With the goal of extracting information in more readable format out of a search result on a web site, I am now very puzzled by what I am seeing.
I access the result page via the 'inspect' feature of Chrome:
To get a split pane where every element in the page rendering is reachable as it's HTML counterpart:
Now, I am interested in parsing specific tags with an attribute that has a "entry-price" substring in it.
As you can understand, every record of the cars found, has a price <span>
element in it, with the price info embedded in it.
I am making the case for the price, it is very similar for other properties of each and every record returned by the search.
This specific page has 86 results, and the <span>
elements with that specific data-testid
attribute value are also 86, at least in this view:
The 'interesting' thing is that when I saved the HTML of the page I could see far less tags with those characteristics above: actually, only 5. To reduce the margin for error, I just used the function 'view source' for the HTML page.

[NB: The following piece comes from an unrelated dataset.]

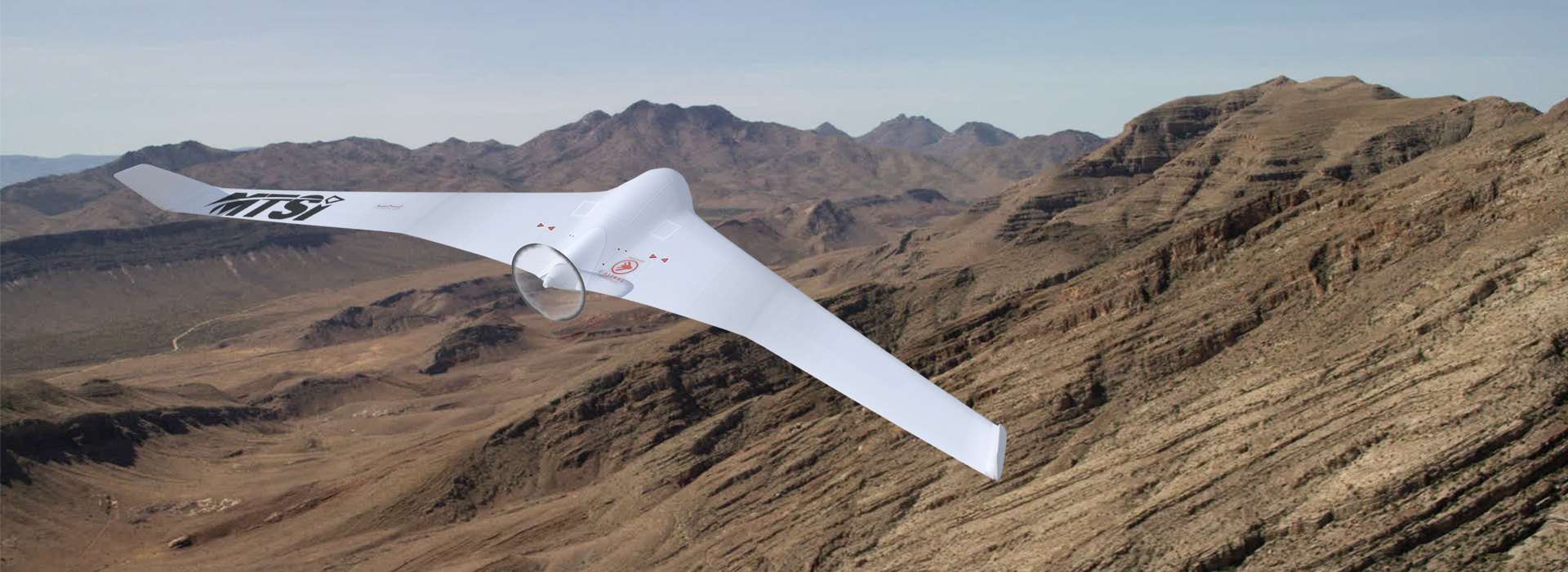 Unmanned aerial vehicle flying above mountainous desert terrain.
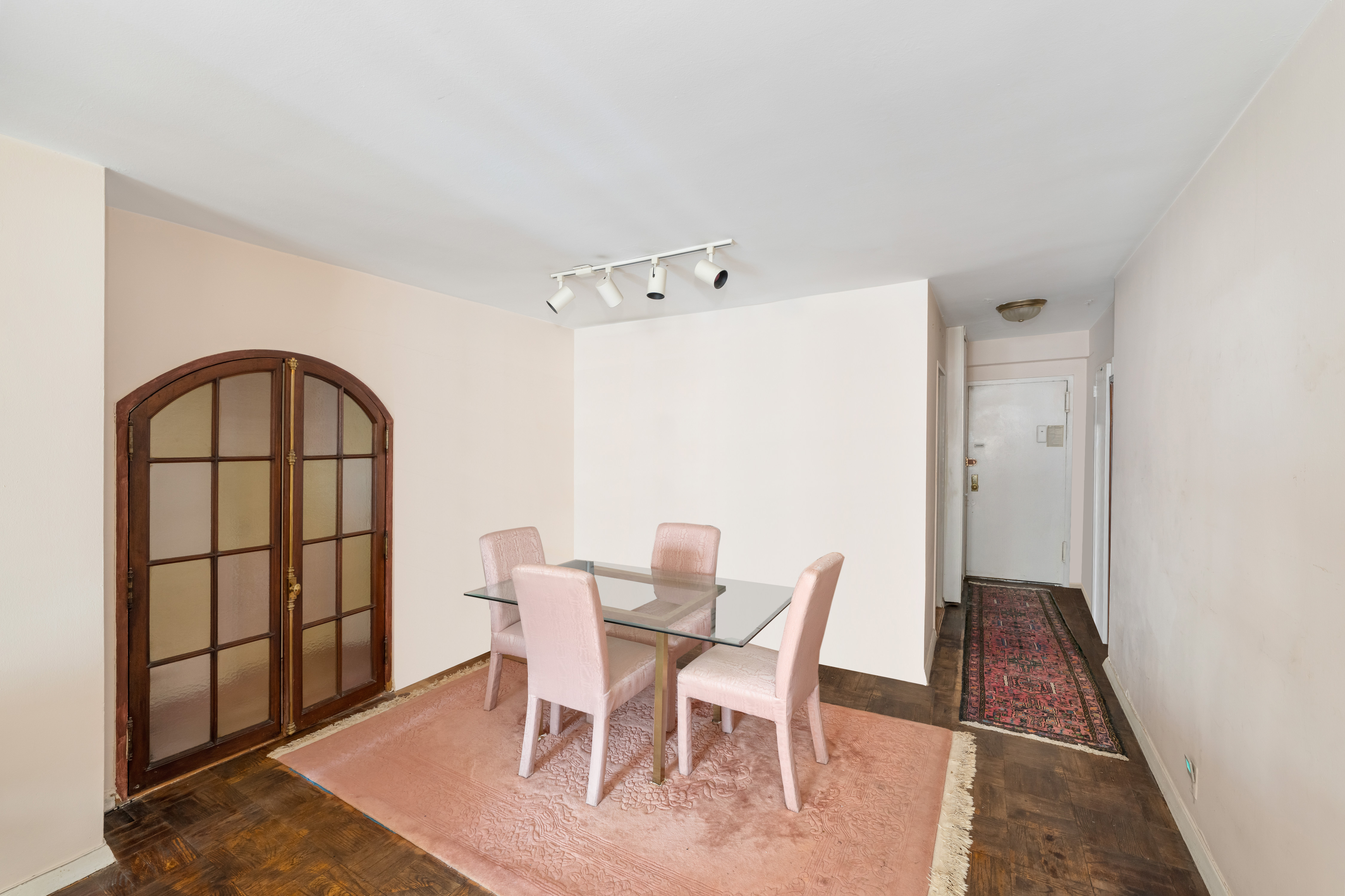 345 East 56th Street, Unit 5C Manhattan, NY 10022 - Photo 3 of 10 a view of a dining room with furniture and a window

There, to my great surprise, a simple text search on 'entry-price' only returns 5 items!!
Here's the full link, if you want to try for yourself: https://www.willhaben.at/iad/gebrauchtwagen/auto/gebrauchtwagenboerse?ENGINE/FUEL=100001&WHEEL_DRIVE=3&EQUIPMENT=11&sort=3&CAR_MODEL/MAKE=1042&sfId=e7ce8b54-db41-419b-a7e2-edd5f23501eb&isNavigation=true&CAR_MODEL/MODEL=1774&rows=100&page=2&YEAR_MODEL_FROM=2018&YEAR_MODEL_TO=2021
(it's actually the 2nd page of a 186 total results, 100 results per page)
I'm wondering how is that possible? I cannot understand it at all.
BTW, the reason I tried by visualizing the source is that I had a small python
script in place - using BeautifulSoup
- to parse the saved HTML and extract what I needed. It worked just fine with another search, but this one is giving me extra headaches.